Discovering cancer biomarkers is all well and good, but researchers the world over often struggle to validate their findings due to a lack of reproducible methods to measure predictive proteins. Now, thanks to work from the Fred Hutchinson Cancer Research Center, investigators believe they've discovered a way to measure the entire human repertoire of proteins.
As it stands, it's nearly impossible to make robust measurements of most human proteins, Fred Hutch proteomics expert Amanda Paulovich said, requiring scientists to test an unwieldy number of proteins to suss out a single biomarker. With that in mind, Paulovich and her team developed technology called multiple reaction monitoring mass spectrometry, which allows for highly precise quantifications of hundreds of proteins per day, letting researchers target specific proteins in tiny samples or biopsies.

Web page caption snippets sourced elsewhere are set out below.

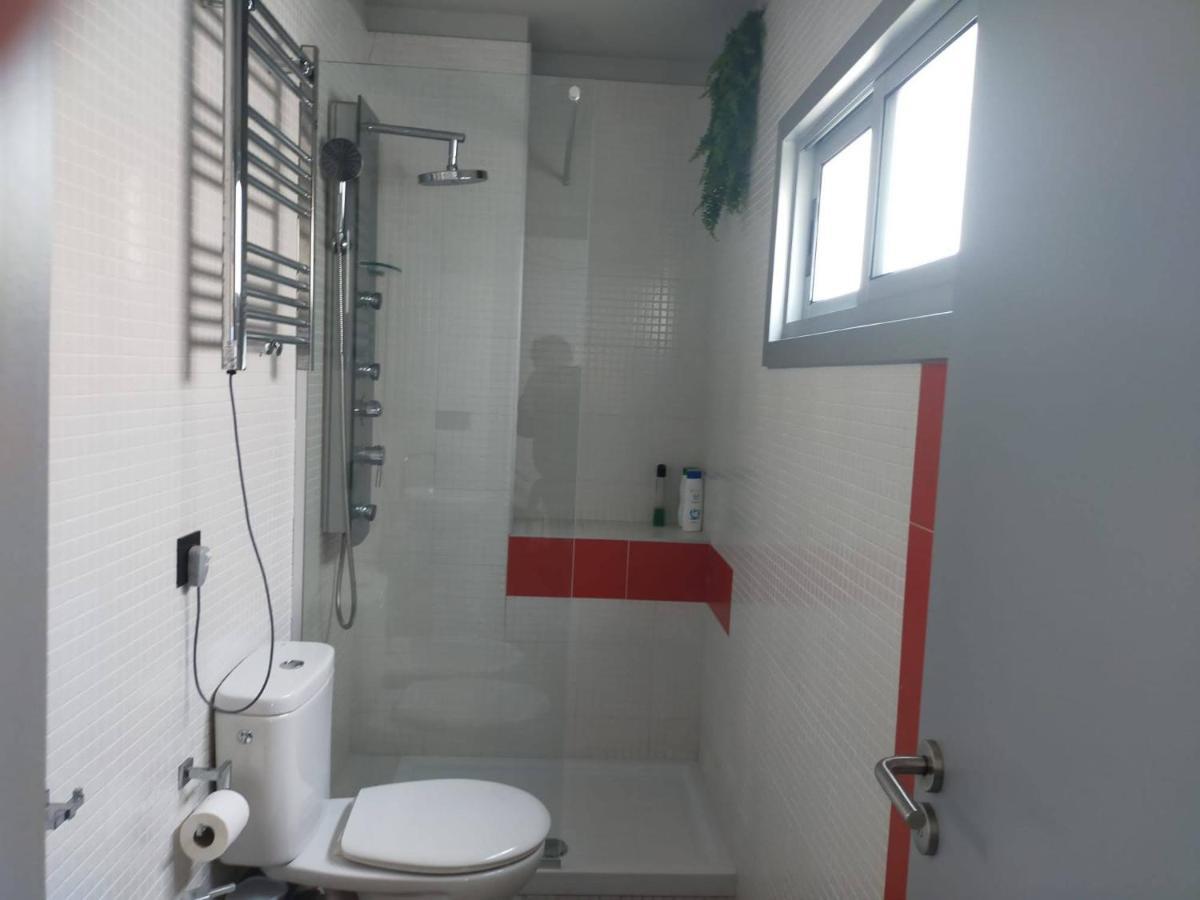 Penthouse With Terrace And Views Near Oza'S Beach Apartment A Coruna Ngoại thất bức ảnh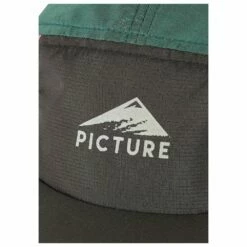 Casquette Picture Shonto Cap Darkest Spruce -Surfen Geschäft b16161587cd1b651439bc54fea22396ae00284a6 E23PICTACC357366 PICT0681570 901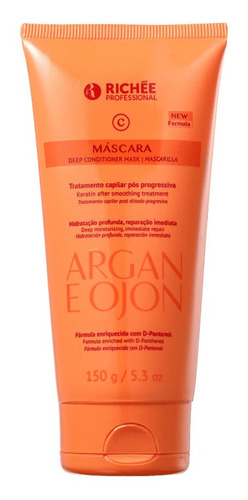 Richée Argan E Ojon Máscara Capilar 150g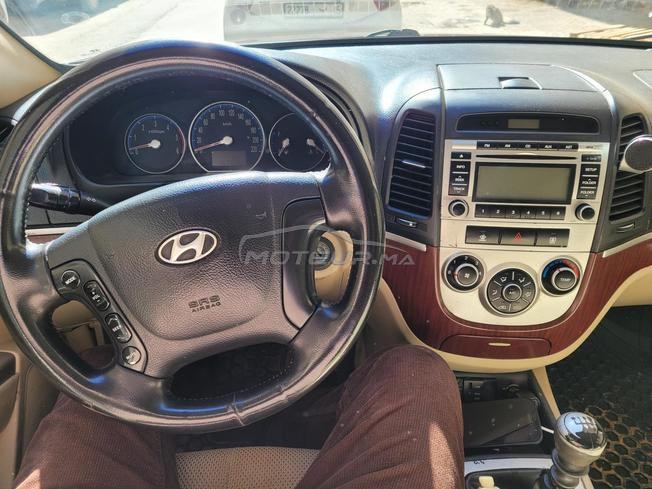 Hyundai santa fe 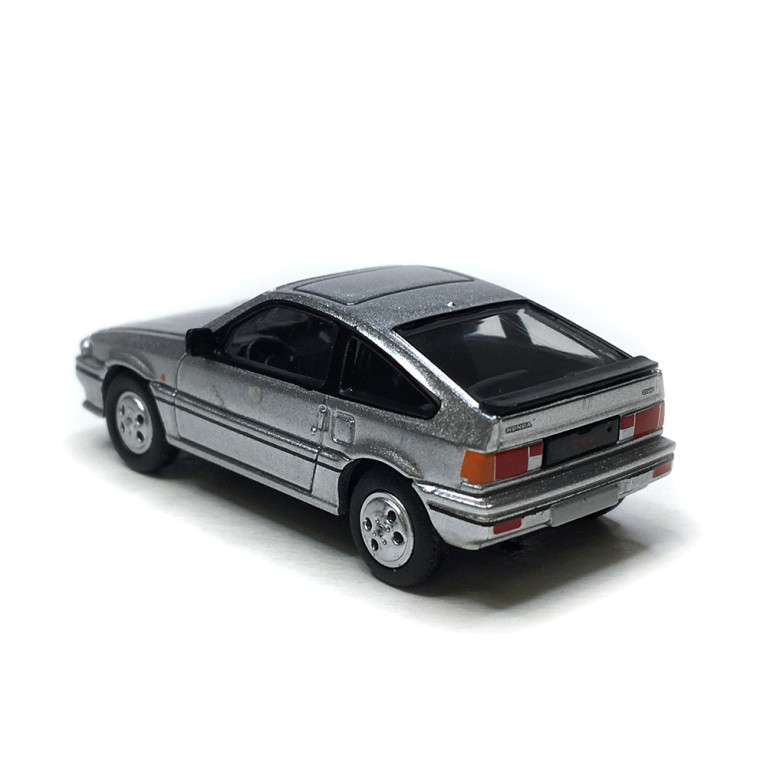 Honda CRX, rargent, 1983 - PCX 870469 - HO 1/87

In a study, the Fred Hutch team reached out to scientists from the Broad Institute and Seoul National University to help assay more than 300 breast cancer-related proteins, finding that their method could duplicate and extend the findings of traditional tests, only faster and more efficiently. That established the feasibility of protein quantification, the researchers said, and next they want to expand their work and eventually create an international effort to quantify every known human protein.
"This method has the potential to completely revolutionize how we measure human proteins," Paulovich said in a statement. "Having a global resource for standardized quantification of all human proteins would set new standards that would undoubtedly increase the reproducibility of preclinical research, which would have a dramatic impact on the translation of novel therapeutics and diagnostics."
To get there, Paulovich and company plan to launch an open-source web portal next year, posting highly validated assays to help researchers around the globe push forward with their own proteomic work.